Looking at this stack trace, it was difficult to know exactly where the normal behaviour finished and the error behaviour started. And so, we turned to the internet for help. A quick google for AppDynamics and mscvr120 brought up this result…
Aha! That sounded interesting, a bug in certain versions of the AppDynamics agent. Our agent was on version 126.96.36.199, one of the affected versions. So, with a sense irrational optimism, we disabled the AppDynamics agent on our server, and hit the troublesome endpoint and… success! It worked!
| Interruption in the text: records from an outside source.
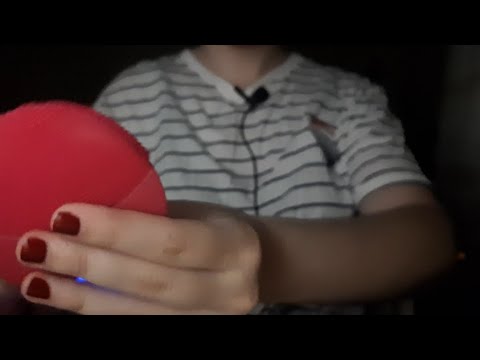 Видео: АСМР.ЗВУКИ РТА.ВИЗУАЛЬНЫЕ ТРИГГЕРЫ | ASMR. MOUTH SOUNDS. VISUAL TRIGGERS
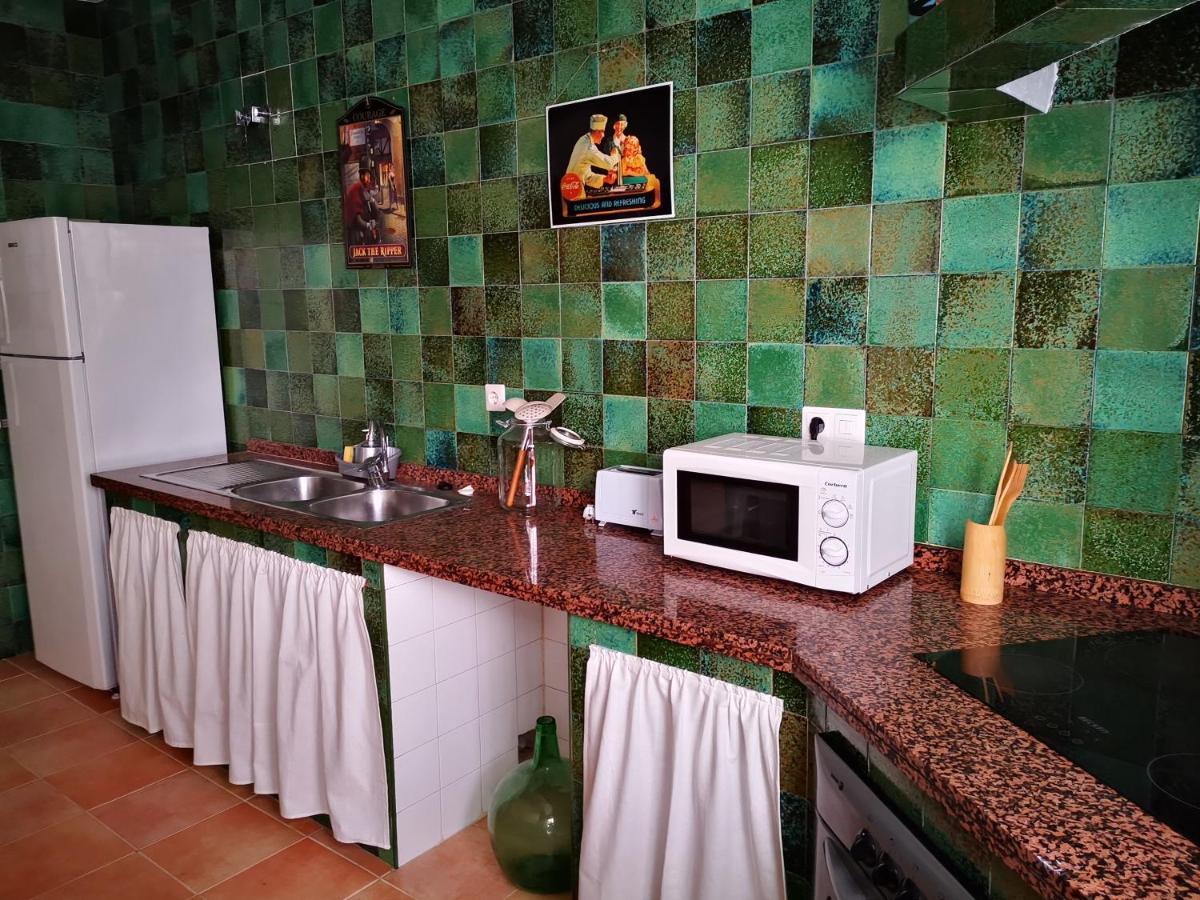 Apartamento Bonito Y Bien Ubicado En El Soho De Malaga. Екстериор снимка
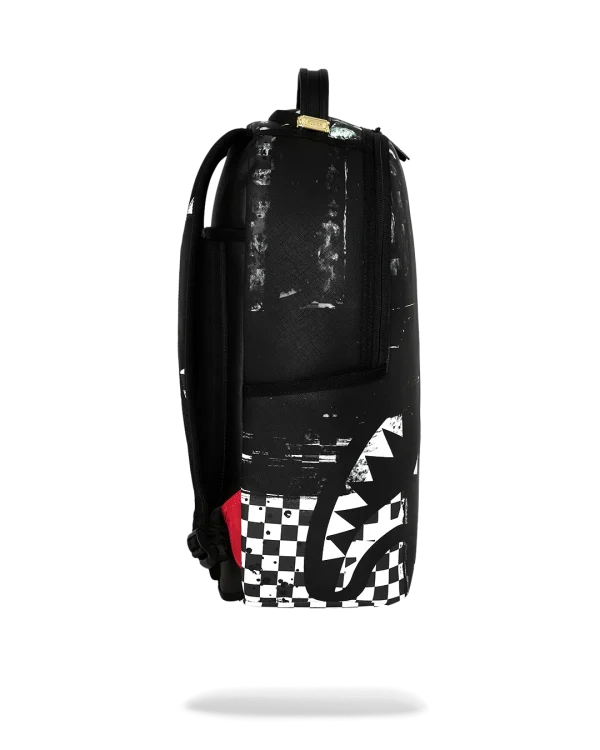CANVAS CHAOS BACKPACK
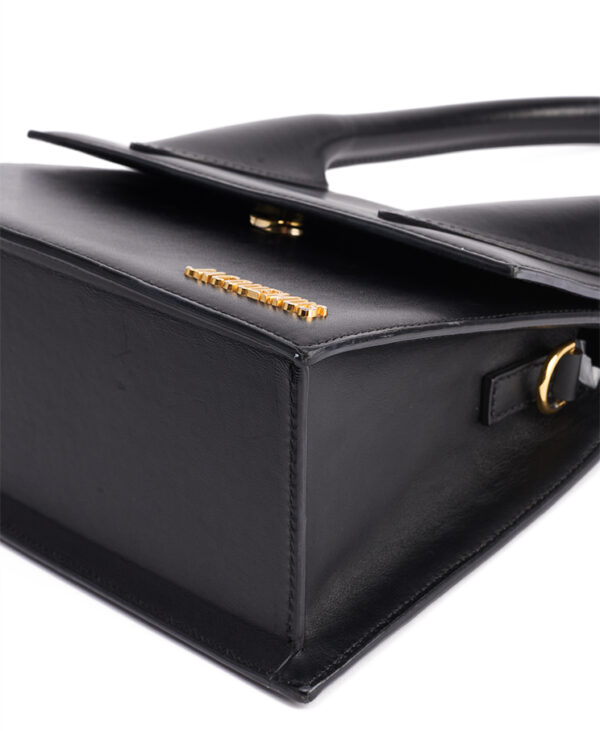 Jacquemus Le Chiquito Grand – (ex)bags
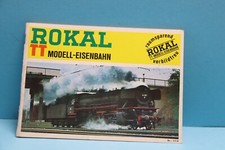 ROKAL  KATALOG 1965  67 SEITEN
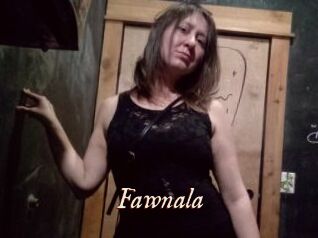 Fawnala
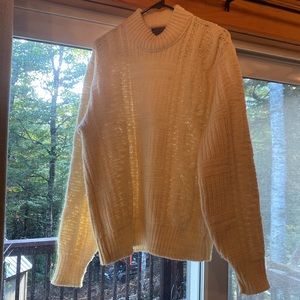 Vintage Pendleton Virgin Wool Sweater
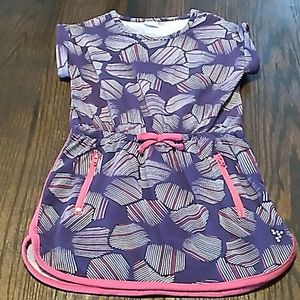 Little Girls Gymboree Dress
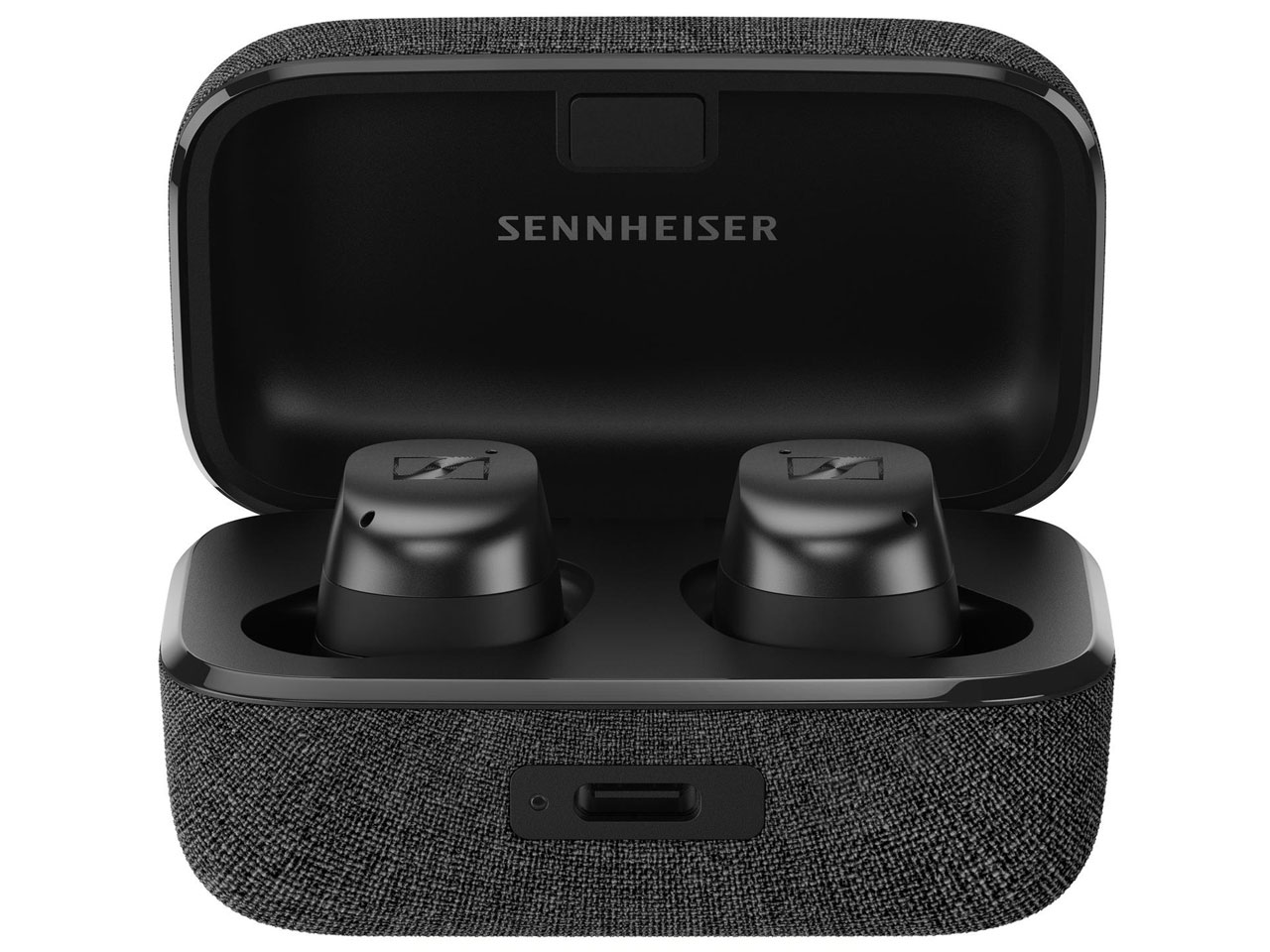 ゼンハイザー MOMENTUM True Wireless 3 [BLACK] 価格比較 - 価格.com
AppDynamics itself was causing the problem, presumably because something in the new DLLs we were using triggered the bug. A quick upgrade to the latest AppDynamics agent followed, and the service all worked beautifully.
It’s a love/hate relationship
Sometimes things go wrong in ways that we have no hope of understanding on our own. Isolating the problem can be a challenge, but our chances of doing so are greatly improved if we know that there are tools available to help us.
Without the stack trace from Debug Diagnostics, it would have been very difficult to isolate the problem in any logical way. With trial and error we may have stumbled across the solution in days, or maybe weeks. More likely we would have given up on a bad job, and reverted to older technology, and sworn never to use Entity Framework Core ever again.
As it happens, thanks to the Debug Diagnostics Tool, our problem was resolved within an hour or two. What’s not to love about that?